I imagine it discourages pathologically poor performing code as in the following:

// atomic<Foo*> foo;
foo->do_one_thing();
foo->do_another_thing();
foo->do_a_final_thing();

You have now done an atomic load 3 times and it is possible that stores or loads to foo have occurred in between. The pattern for atomic usage is to typically load once, perform a change, and possibly compare/swap in a loop in a manner that prevents ABA bugs.

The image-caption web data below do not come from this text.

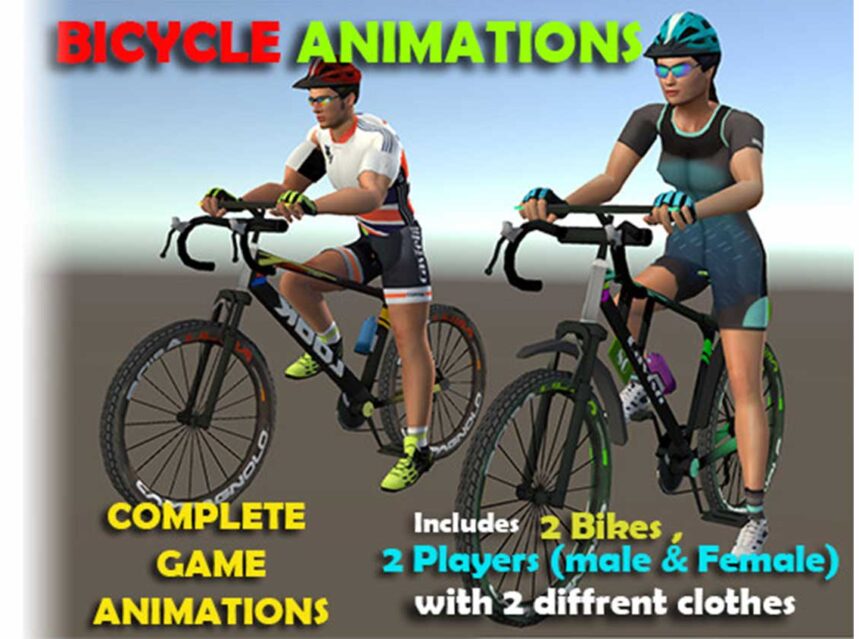 Cyclist Animations for Unity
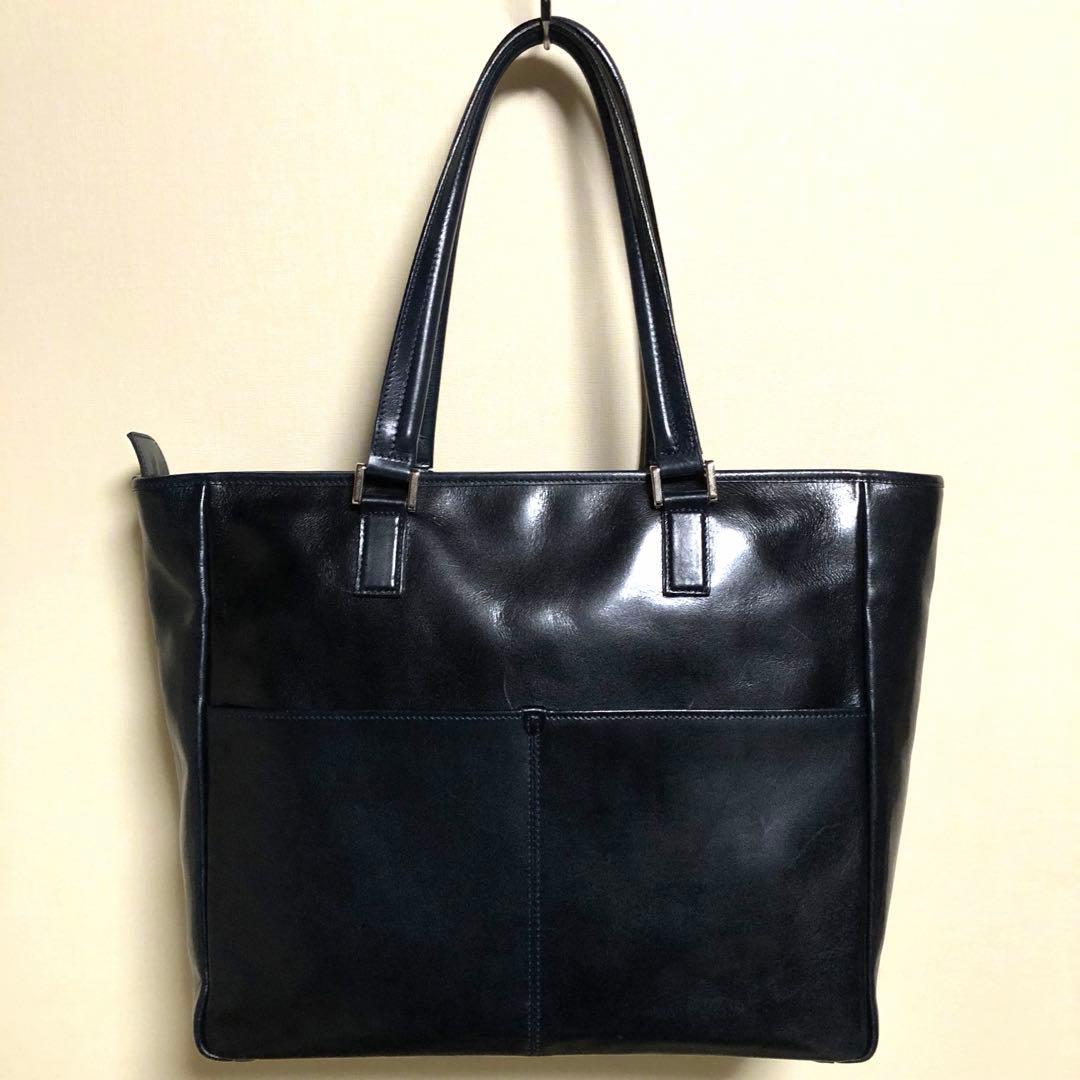 未使用級✨ ポーター クラーク トートバッグ L 黒 オールレザー 吉田カバン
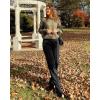 imageG4Free Smoofit Modal Soft Women Wide Leg Sweatpants with Pockets Yoga Pants Casual Lounge Trousers PetiteRegularTallBlack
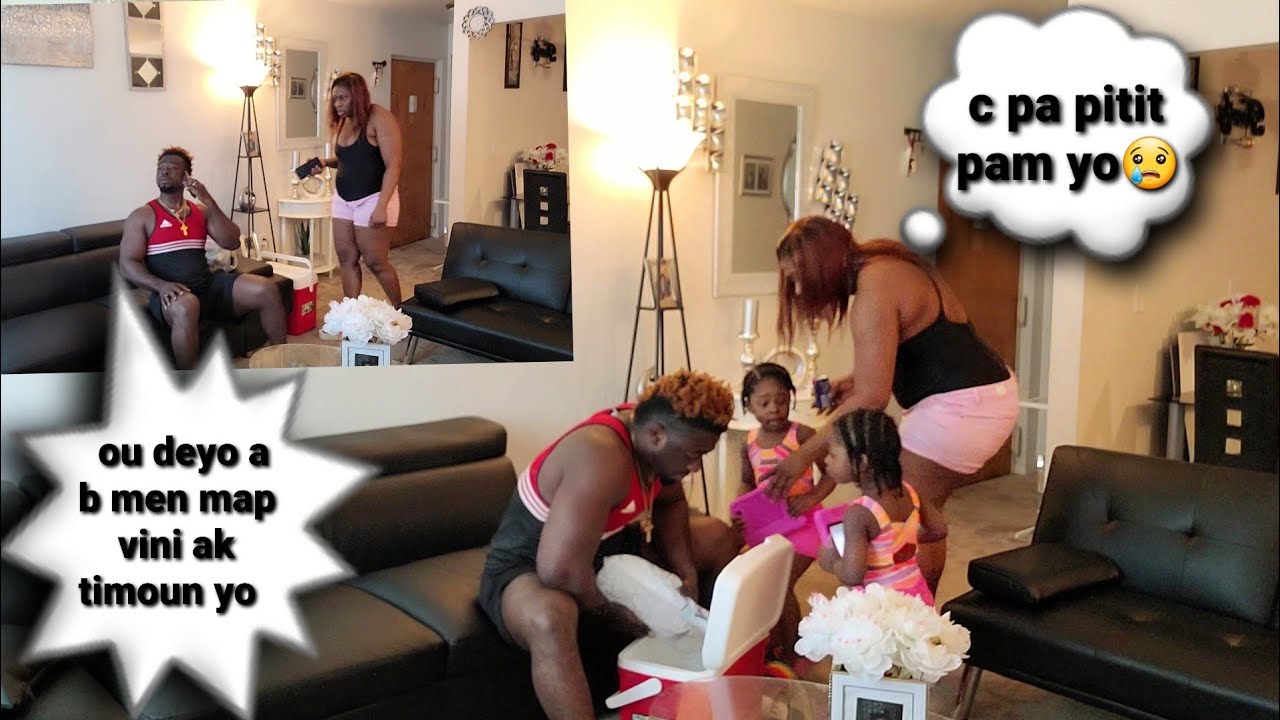 mw mennen timoun 👯‍♂️yo nan lanmè🏊‍♀️ak yon lot fi👱‍♀️#prank||madanm manke fòl sou kont mw||
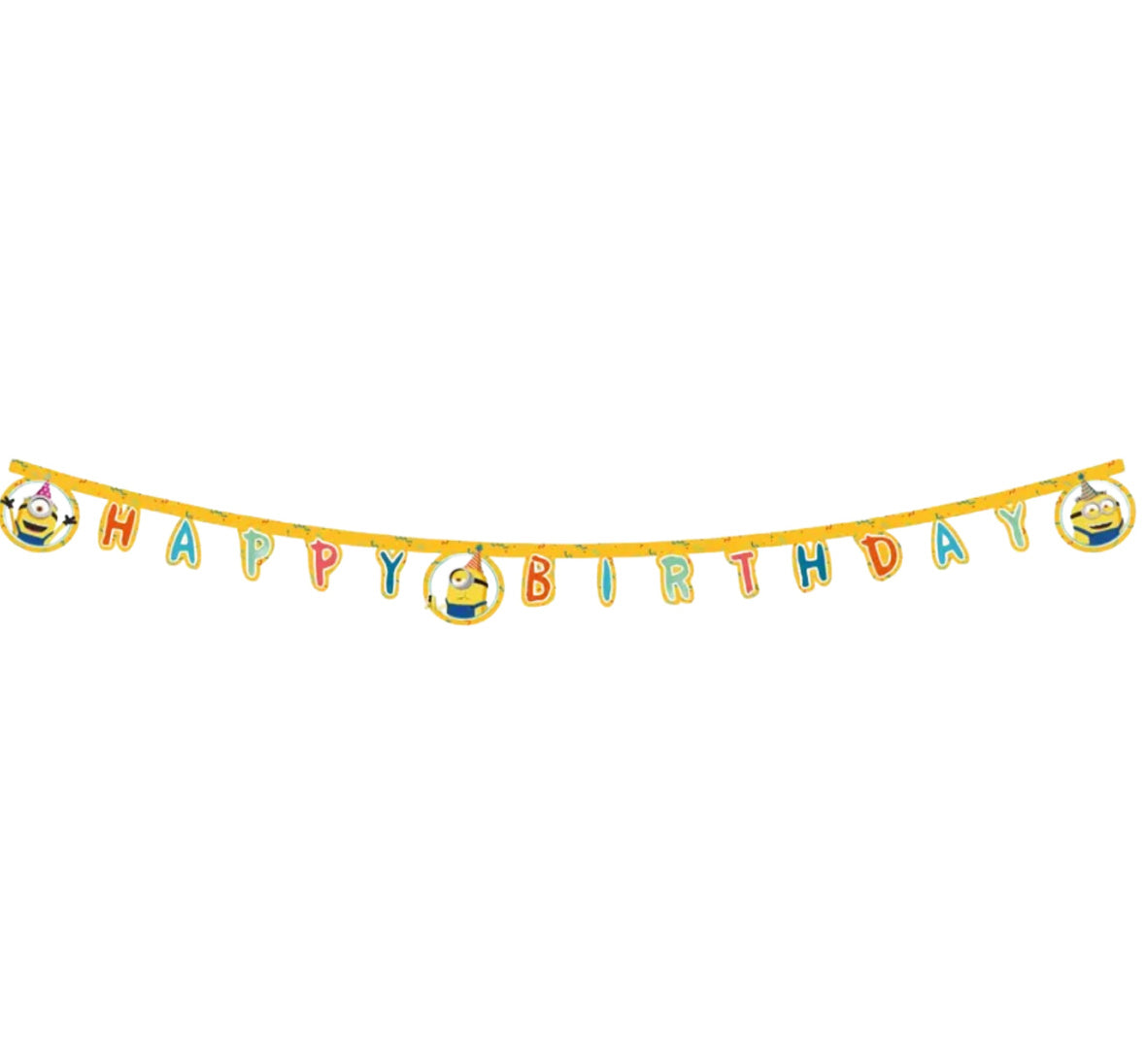 Minions The Rise Of Gru Happy Birthday Banner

On Mon, Oct 21, 2019 at 1:38 AM Giuseppe D'Angelo via Std-Discussion <std-discussion@lists.isocpp.org> wrote:
Hello,

I've been wondering why std::atomic<T*> has an implicit operator T*()
(that simply does a seq_cst load), but not an operator->. I'm not a big
fan of having the implicit conversion operator in the first place, but
since it's there, why not also providing operator* / operator->? Is it
by design?


In other words, if this code is "reasonable":

> std::atomic<S *> a;
> S *s = a;
> s->f();

then why shouldn't one also be allowed to simply write this:

> std::atomic<S *> a;
> a->f();

If, on the other hand, one is not supposed to use the conversion
operator: should it be deprecated / turned into explicit?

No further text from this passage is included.